### [TASK OBJECTIVE]
Range to reproduce from the entries below: the line with "2013 HYUNDAI GENESIS VIN: KMHGC4DD6DU209621", the line with "i never thought", and every line in between. Give them exactly and give nothing else.

### [DATA PROVIDED]
================

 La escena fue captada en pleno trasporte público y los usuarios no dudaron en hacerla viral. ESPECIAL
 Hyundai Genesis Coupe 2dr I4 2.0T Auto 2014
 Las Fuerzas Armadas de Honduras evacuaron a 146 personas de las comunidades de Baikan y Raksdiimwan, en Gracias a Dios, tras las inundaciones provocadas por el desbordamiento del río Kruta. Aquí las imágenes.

================

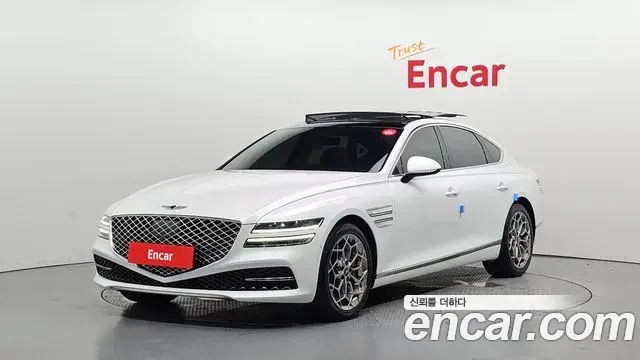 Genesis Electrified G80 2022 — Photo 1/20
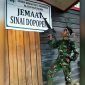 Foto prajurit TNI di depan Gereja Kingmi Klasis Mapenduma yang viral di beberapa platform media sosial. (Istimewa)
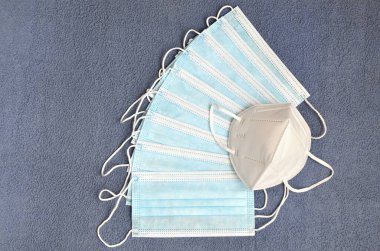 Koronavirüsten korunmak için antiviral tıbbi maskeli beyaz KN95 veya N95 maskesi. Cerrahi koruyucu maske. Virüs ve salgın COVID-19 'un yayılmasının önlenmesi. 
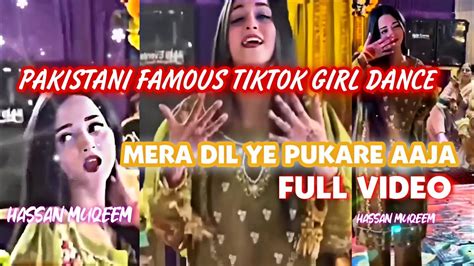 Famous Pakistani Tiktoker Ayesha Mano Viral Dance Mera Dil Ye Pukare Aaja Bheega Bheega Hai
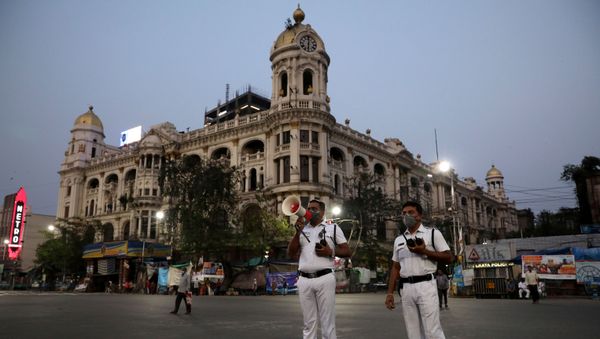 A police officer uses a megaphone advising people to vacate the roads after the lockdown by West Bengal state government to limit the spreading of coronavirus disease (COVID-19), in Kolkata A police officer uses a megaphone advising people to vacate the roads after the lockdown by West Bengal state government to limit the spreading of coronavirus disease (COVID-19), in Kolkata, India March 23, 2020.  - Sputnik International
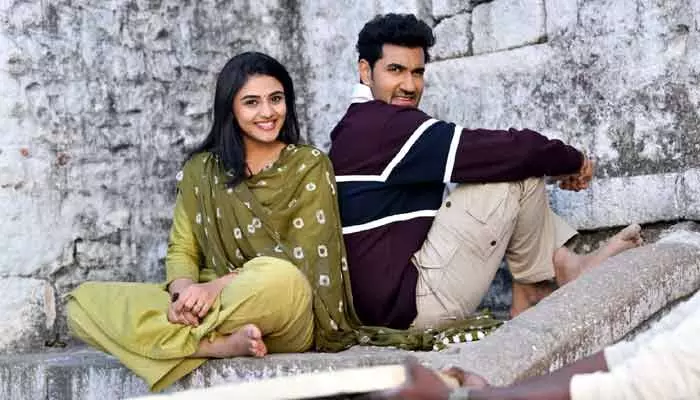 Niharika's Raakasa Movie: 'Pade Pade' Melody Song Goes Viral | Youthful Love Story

================

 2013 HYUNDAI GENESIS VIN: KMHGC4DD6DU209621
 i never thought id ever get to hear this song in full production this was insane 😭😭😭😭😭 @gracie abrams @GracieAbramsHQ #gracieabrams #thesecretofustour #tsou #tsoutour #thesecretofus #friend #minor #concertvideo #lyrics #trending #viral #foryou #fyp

================

### [OUTPUT FOR THIS TASK]
 2013 HYUNDAI GENESIS VIN: KMHGC4DD6DU209621
 i never thought id ever get to hear this song in full production this was insane 😭😭😭😭😭 @gracie abrams @GracieAbramsHQ #gracieabrams #thesecretofustour #tsou #tsoutour #thesecretofus #friend #minor #concertvideo #lyrics #trending #viral #foryou #fyp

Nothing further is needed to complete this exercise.